Pizza Pino is probably the most tourist oriented restaurant in Paris, serving pizza and pasta, an Italian place spread on two floors, fully loaded with an international clientele of which the majority are from the Arab world.
Like a machine, the staff don't care to smile and make you want to come back, since their clients are just passing through the capital and probably won't be coming here again.
Dinner starts with a bread basket. Three balls of bread, extremely chewy and served without butter. A Parmesan sprinkler made it to the table while we waited for the pasta. Tonight was pasta and pizza night to have a clear idea of the food. I remember the pizza as being acceptable.

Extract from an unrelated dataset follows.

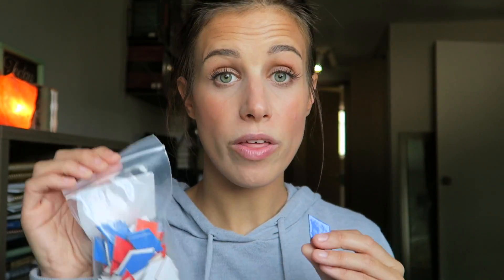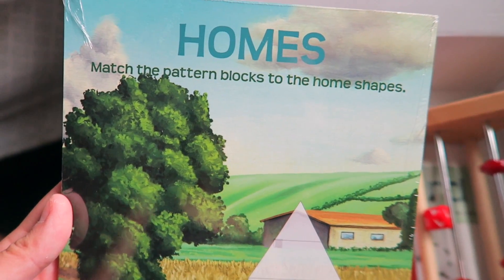Homeschooling is so important to me and so close to my heart. To have a smaller company that's passionate about homeschooling and keeping the family together — that really honors me. These pattern block pieces are something I really liked too. There are different sheets that go with all these manipulatives — garden sheets, sheets where kids can take blocks and build houses in different shapes. There is just so much.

The place is decorated with Italian touches. Under a low white ceiling is a large room with walls painted is light red and brown while chandeliers hang from above. Two pizza ovens work non-stop, one on the ground floor and another on the first. Pizzas are thrown on plates while waiters cut them into eight pieces.
The average food:
- The carbonara is served on a round plate that's not too clean or appetizing, a bit dry, but generously filled with bacon cubes. Tagliatelle pasta mixed with cream, a bit over-cooked, not al dente and overly creamy and lacking finesse and knowhow. Not something I'd order again.
- The four cheese penne is served in a salad bowl, a strong cheese flavor where blue cheese covers everything else, it's the same overcooked pasta with a cover of cheese. Chunks of oven cooked brie, some blue cheese and a bed of cream. It doesn't look appetizing, but the taste is not so bad.
- The Chef Pizza, for €18, is generously covered with slices of merguez sausages with an egg probably used as a decoration on the dough that's undercooked and too soggy. Shocking, because last year this dish was far from this commercial offering that's cooked without love or dedication. Sausages filled with garlic and undercooked dough. That's bad!
I surely don't recommend Pizza Pino anymore... Sloppy service and average food.